On Sunday, the BBC announced that the next Doctor from the globally beloved Doctor Who enterprise will regenerate as a woman—despite the fact that her twelve previous generations were all men. The Doctor, as the story goes, is a non-human being—the last of the Timelords, an alien race that is capable of reincarnating at the end of their lives. Many fans have been longing for a female Doctor, and the 13th Doctor will fulfill their wish, in the form of Actress Jodi Whittaker.
Whittaker appeared in a teaser released Sunday and, in an accompanying interview, seemed to anticipate the inevitable backlash that happens whenever insecure men who fanatically enjoy a media franchise feel it is suddenly catering to women. "I want to tell the fans not to be scared by my gender," she told the BBC. "The fans have lived through so many changes, and this is only a new, different one, not a fearful one."

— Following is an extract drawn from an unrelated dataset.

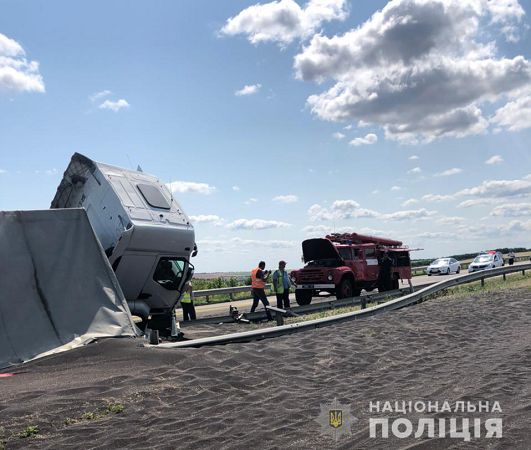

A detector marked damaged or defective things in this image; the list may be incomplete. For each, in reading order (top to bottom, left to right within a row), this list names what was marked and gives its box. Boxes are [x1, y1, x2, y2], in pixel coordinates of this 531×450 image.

overturned white truck [51, 154, 196, 334]
bent guardrail [156, 262, 528, 350]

Read more: Why Nerds Are So Sexist
Indeed, the backlash was swift, and quite unoriginal. Many people on the internet have indicted "political correctness" for the Doctor's female regeneration and have proclaimed they are absolutely finished with the series. One self-identified "massive KISS fan," for instance, stated, "Political correctness wins again," calling for all "TRUE fan[s] of Dr. Who to boycott this shite!" A "Reiki Master" and fan of Dr. Who for 33 years responded directly to Jodi Whitaker, graciously informing her that she "will only ruin the show." Others still decided to never watch the show—even though they presumably wouldn't have tuned in if the show had continued casting men as the titular Doctor.

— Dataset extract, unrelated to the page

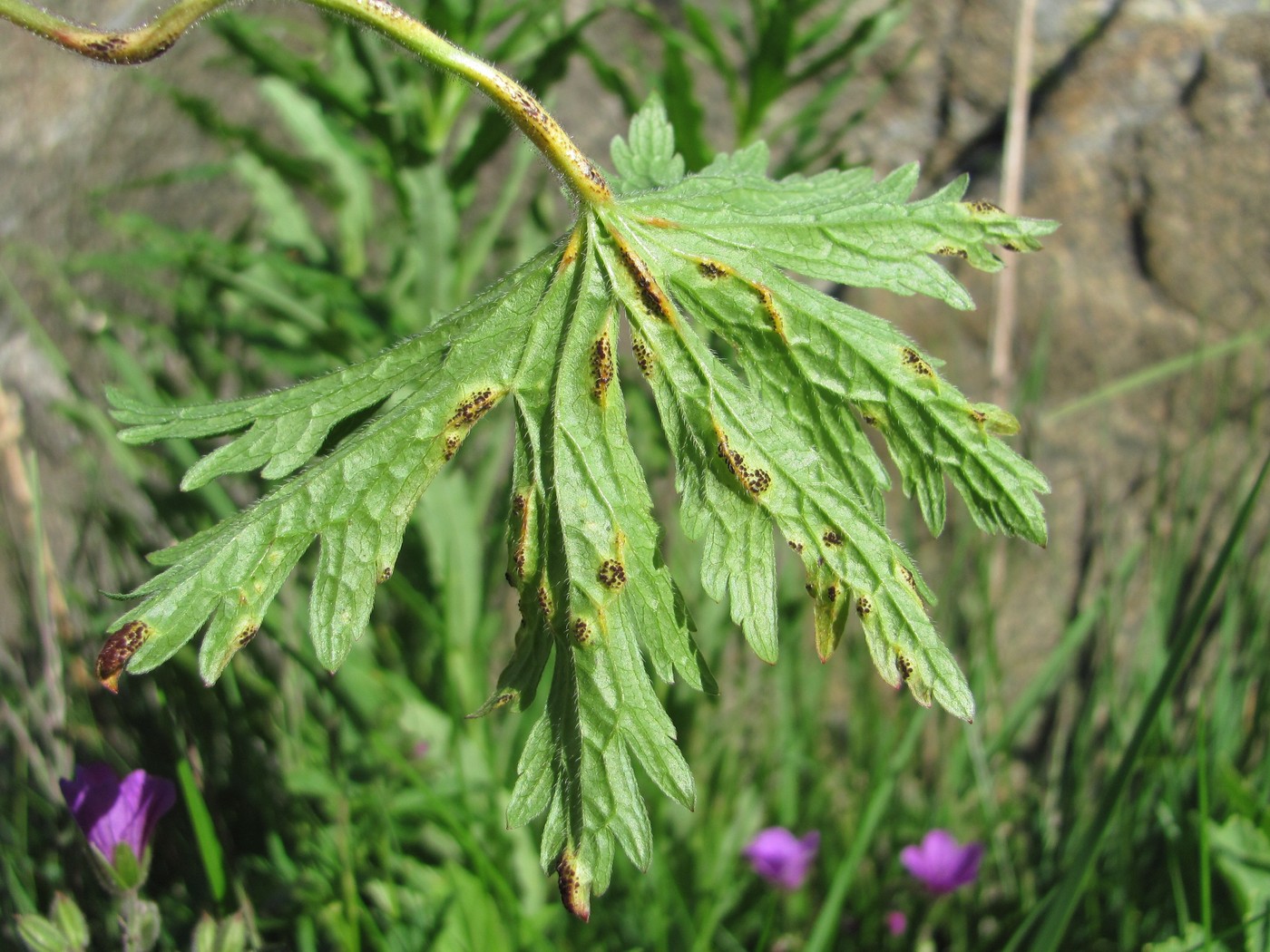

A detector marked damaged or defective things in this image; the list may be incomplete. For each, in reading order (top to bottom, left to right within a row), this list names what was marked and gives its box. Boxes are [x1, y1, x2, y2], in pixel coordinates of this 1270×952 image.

orange rust pustule [591, 335, 617, 403]
orange rust pustule [449, 391, 497, 429]
orange rust pustule [94, 622, 150, 690]
orange rust pustule [559, 852, 591, 918]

It's been established in canon that this can happen either deliberately or non deliberately in the regeneration cycle.
The attacks on the female Doctor range from relatively dumb boycott demands to offensively stupid twitter essays. However, anyone questioning the legitimacy of a female incarnation of the Doctor is foolishly uninformed of the series' canon. Liz, a fan in her twenties, tells Broadly that the change is "a welcome non-issue," explaining that "it's been established in canon that this can happen either deliberately or non deliberately in the regeneration cycle." She points to several examples of episodes that explain this possibility.
Like Liz, many Doctor Who fans are excited for Jodi Whittaker to take on this role. "As to why fanboys are upset—they see their fandoms as belonging to them," Liz said. "Any 'feminizing' of it by changing the main character's gender… is seen as an invasion or corruption."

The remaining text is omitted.